Los hombres y mujeres cuyas vidas rebosan de buenas obras son los intérpretes más prácticos y convincentes del mensaje del Evangelio. Ellos traducen sus bendiciones espirituales y materiales en ayuda concreta para las circunstancias presentes.
Así fue con Florencia Nightingale, quien se desgastó sirviendo a los soldados en los duros campos de batalla de Crimea. Así también lo hizo Mary Reed, que entregó su vida a los leprosos de la India y murió entre ellos, convertida en una de los suyos. Ambas adornaron el Evangelio con su ejemplo, y a su vez fueron adornadas por él.

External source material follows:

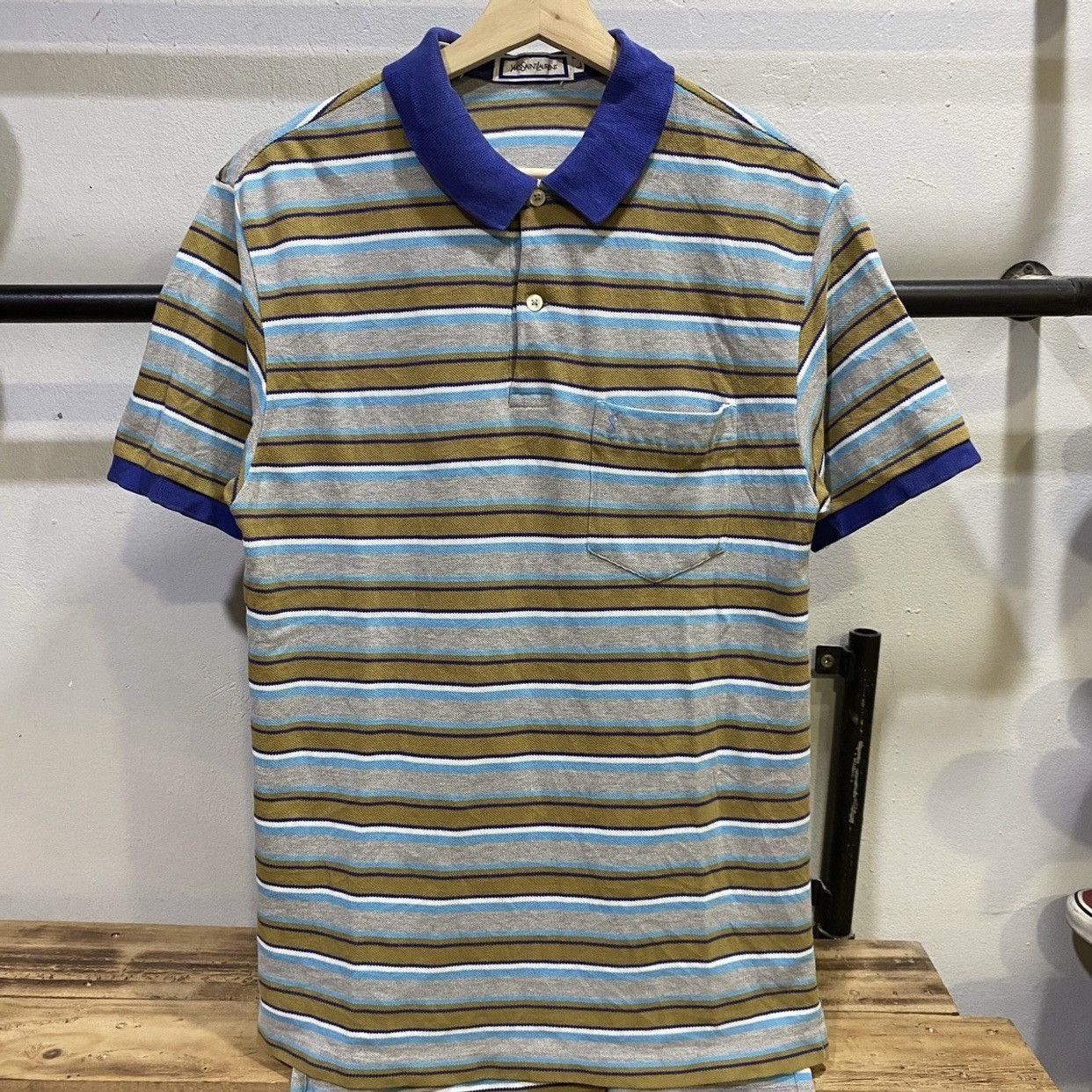 Vintage × Yves Saint Laurent YSL Yves Saint Laurent Pour Homme Stripe Pocket Polo Tee Size US M / EU 48-50 / 2 - 1 Thumbnail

Fue así también como muchos de los primeros paganos fueron conquistados para Cristo. Cuando los cristianos eran calumniados y perseguidos, no respondían con venganza, sino que ofrecían a sus perseguidores el testimonio irrefutable de las buenas obras (véase 1 P. 2:12). Este es, después de todo, uno de los propósitos fundamentales por los que el Señor nos ha dejado en este mundo: ser una bendición para otros.
¿Tendría sentido construir una máquina costosa solo para admirar su diseño y funcionamiento? Las máquinas se fabrican para producir resultados, para realizar un trabajo útil que beneficie a otros. Así también, Dios nos ha salvado, santificado y provisto abundantemente, no solo para nuestro bienestar, sino para que seamos instrumentos útiles, preparados para toda buena obra.
Y en este llamado a las buenas obras, la fuerza propulsora es el amor. Se cuenta que un hombre, al ver a una frágil enfermera limpiando las llagas gangrenosas de soldados heridos, exclamó: «Yo no haría eso ni por un millón de dólares». Sin detener su labor, ella respondió: «Yo tampoco lo haría». El amor de Cristo es el gran motor que nos impulsa a realizar tales tareas.